» Task instructions
Reproduce each line of the material exactly, minus any picture.

» Data block
- - -

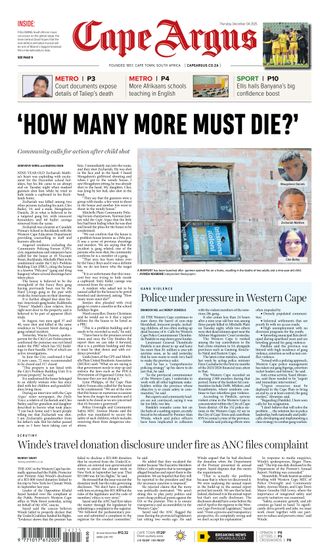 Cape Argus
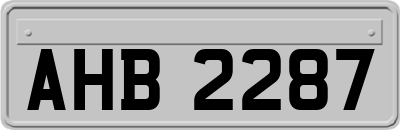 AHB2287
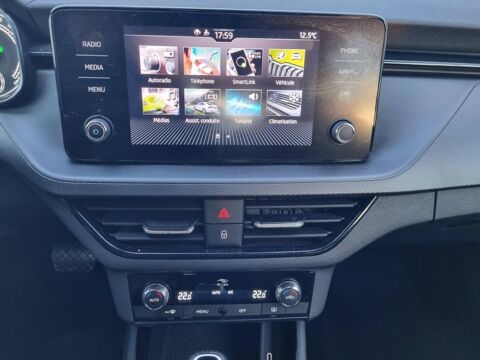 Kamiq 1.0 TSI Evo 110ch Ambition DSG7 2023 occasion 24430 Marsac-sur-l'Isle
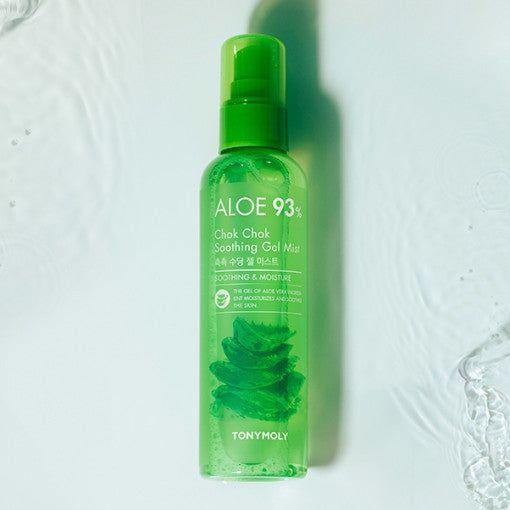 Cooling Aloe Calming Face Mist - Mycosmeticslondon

- - -

» Answer box
 Cape Argus
 AHB2287
 Kamiq 1.0 TSI Evo 110ch Ambition DSG7 2023 occasion 24430 Marsac-sur-l'Isle
 Cooling Aloe Calming Face Mist - Mycosmeticslondon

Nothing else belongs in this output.